▶ [ABOUT THIS TASK]
Would you restate the listing word for word, with the images omitted?

▶ [INFORMATION PROVIDED]

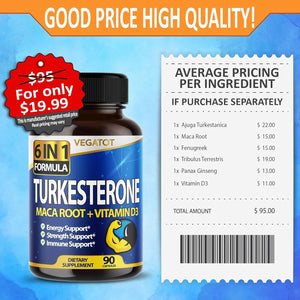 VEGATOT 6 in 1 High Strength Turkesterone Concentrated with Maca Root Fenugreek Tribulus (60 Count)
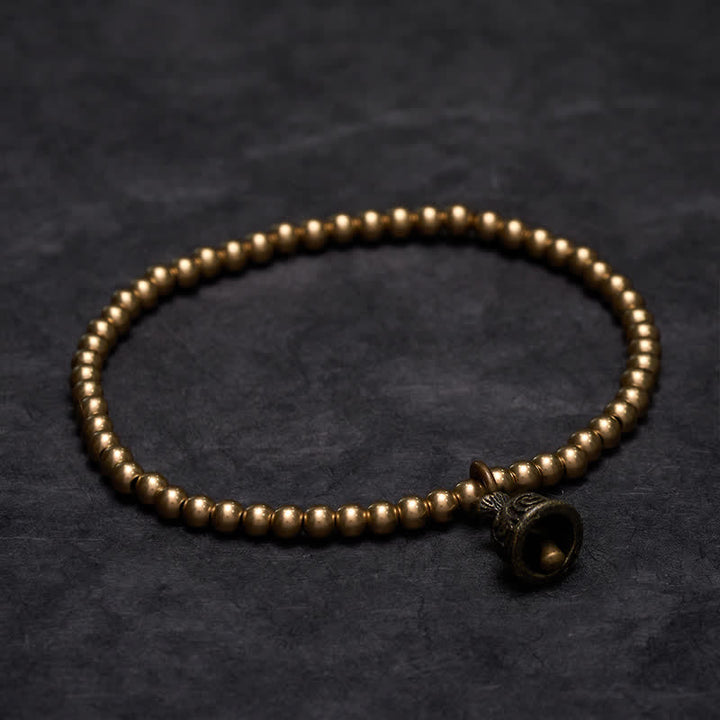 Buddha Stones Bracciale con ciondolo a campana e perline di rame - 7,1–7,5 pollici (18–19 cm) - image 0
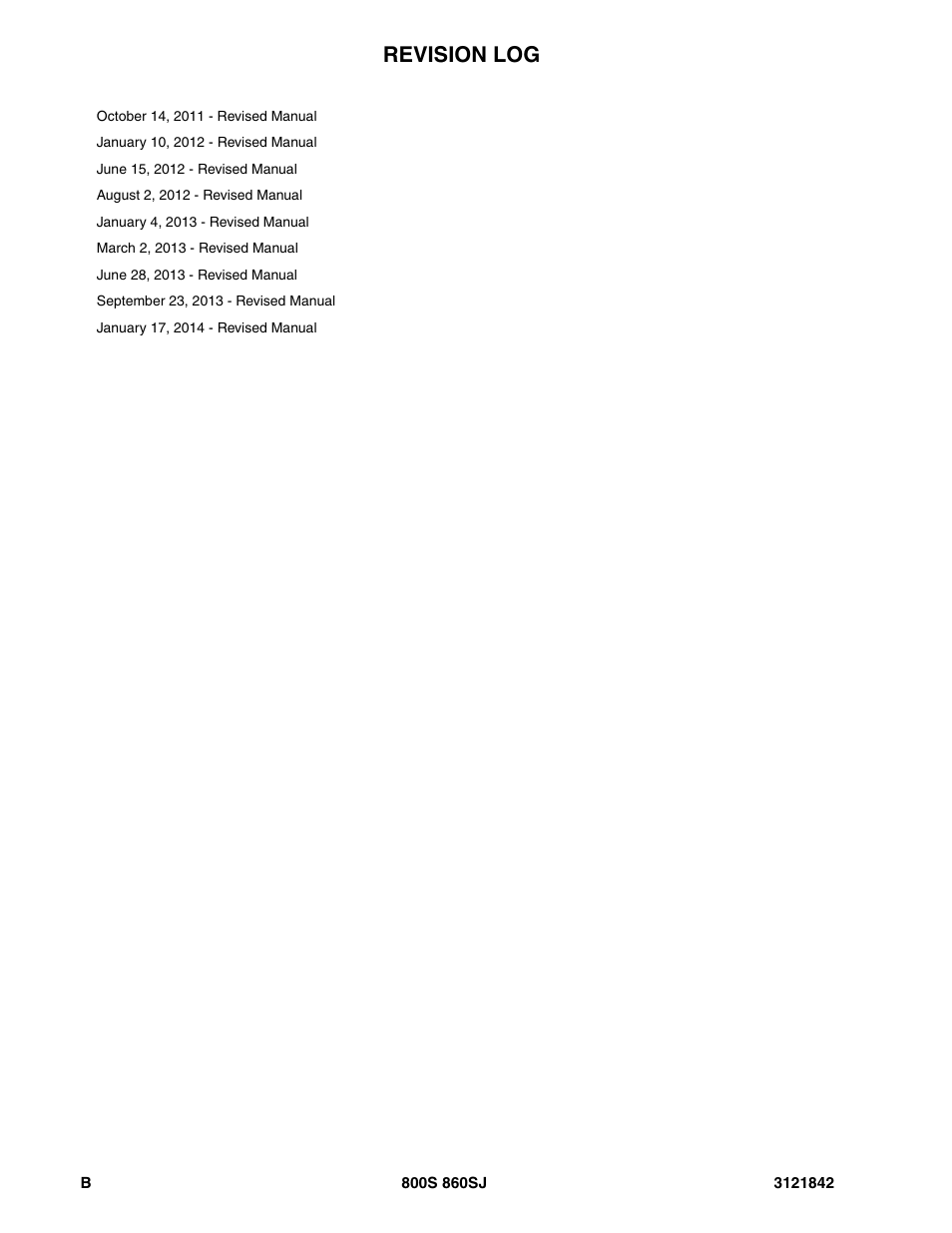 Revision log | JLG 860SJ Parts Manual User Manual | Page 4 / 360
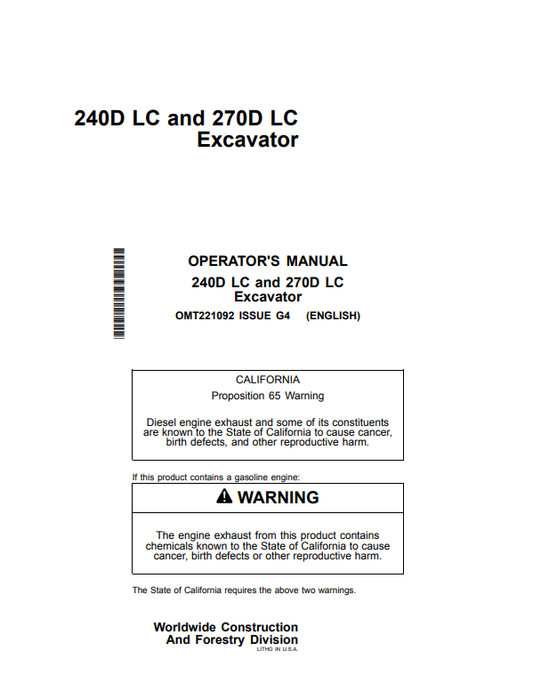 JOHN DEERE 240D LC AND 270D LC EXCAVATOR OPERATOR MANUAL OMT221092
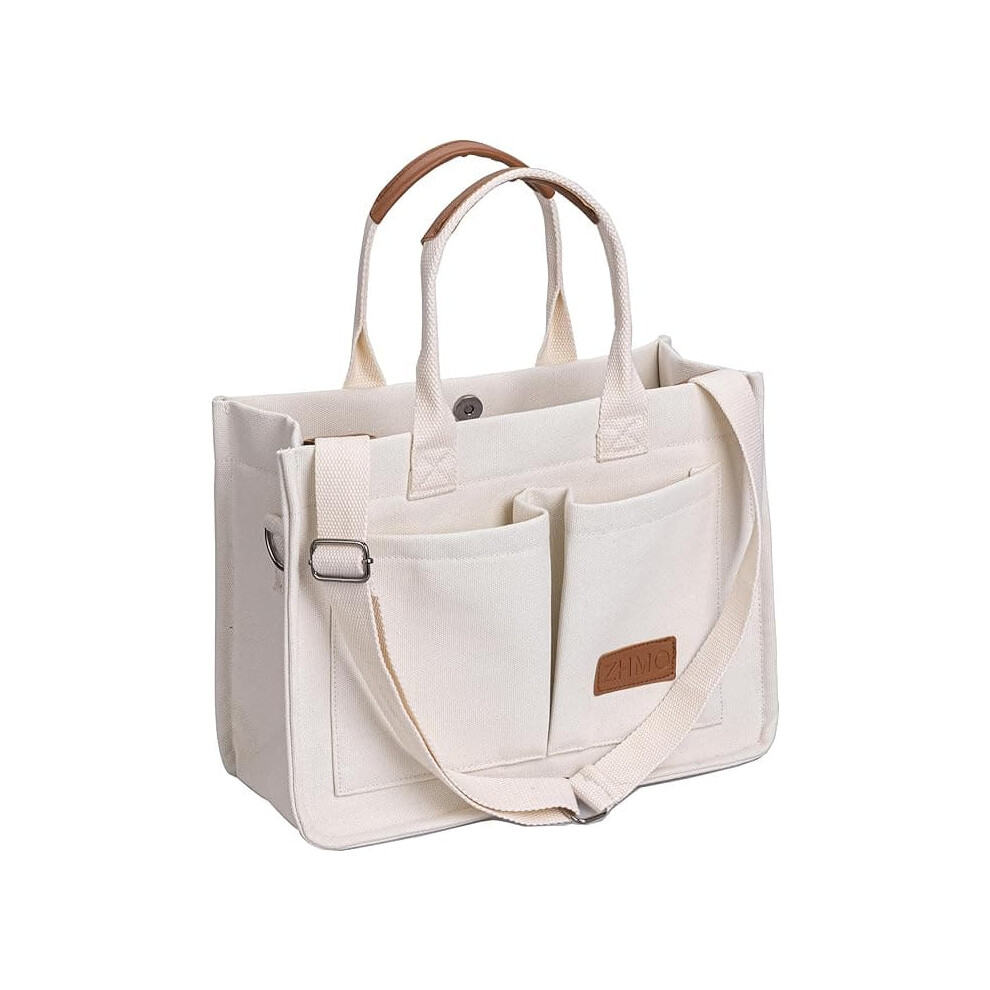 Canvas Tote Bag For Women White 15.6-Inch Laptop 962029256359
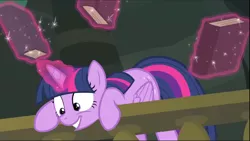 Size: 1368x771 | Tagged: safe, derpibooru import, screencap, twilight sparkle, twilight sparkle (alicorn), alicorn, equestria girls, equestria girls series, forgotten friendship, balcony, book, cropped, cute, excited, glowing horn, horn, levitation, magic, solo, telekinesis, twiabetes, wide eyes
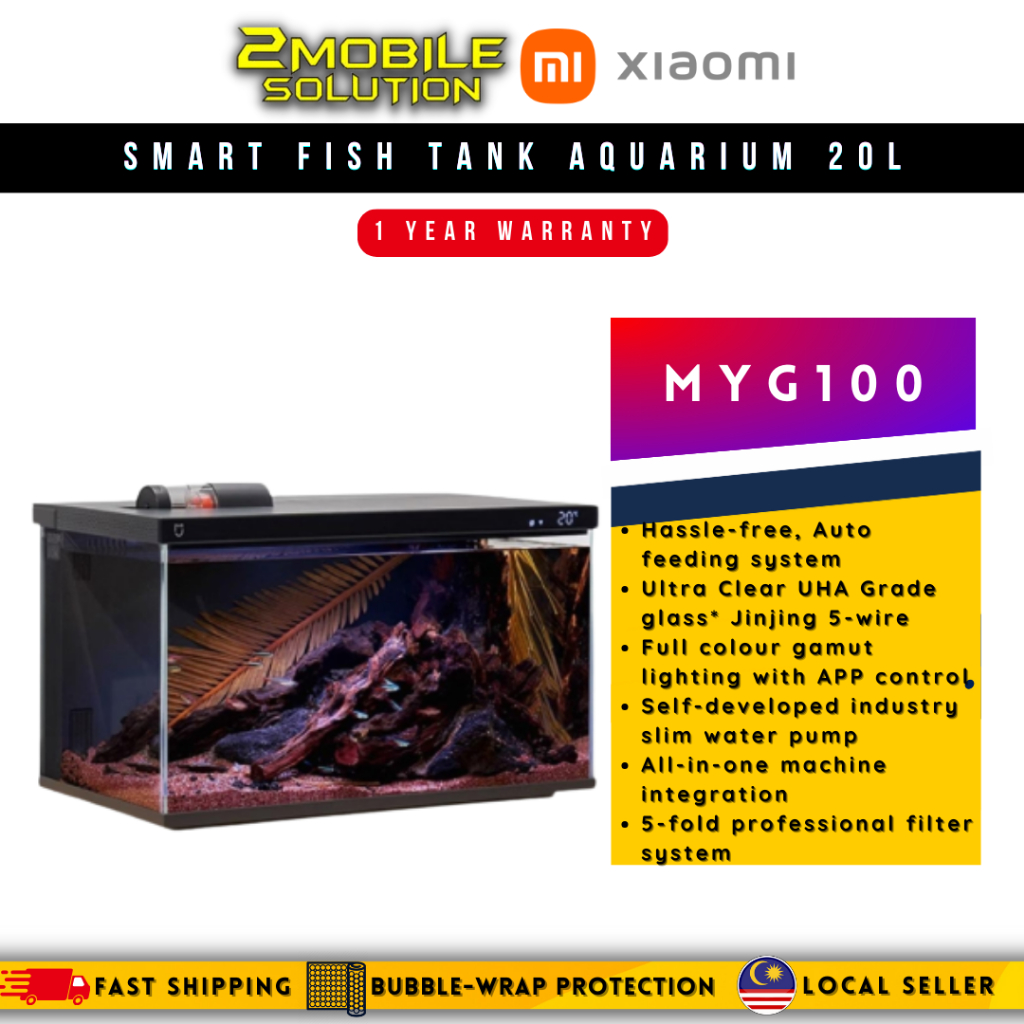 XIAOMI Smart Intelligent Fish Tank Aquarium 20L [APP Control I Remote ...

▶ [REPLY TO THE TASK]
 VEGATOT 6 in 1 High Strength Turkesterone Concentrated with Maca Root Fenugreek Tribulus (60 Count)
 Buddha Stones Bracciale con ciondolo a campana e perline di rame - 7,1–7,5 pollici (18–19 cm) - image 0
 Revision log | JLG 860SJ Parts Manual User Manual | Page 4 / 360
 JOHN DEERE 240D LC AND 270D LC EXCAVATOR OPERATOR MANUAL OMT221092
 Canvas Tote Bag For Women White 15.6-Inch Laptop 962029256359
 Size: 1368x771 | Tagged: safe, derpibooru import, screencap, twilight sparkle, twilight sparkle (alicorn), alicorn, equestria girls, equestria girls series, forgotten friendship, balcony, book, cropped, cute, excited, glowing horn, horn, levitation, magic, solo, telekinesis, twiabetes, wide eyes
 XIAOMI Smart Intelligent Fish Tank Aquarium 20L [APP Control I Remote ...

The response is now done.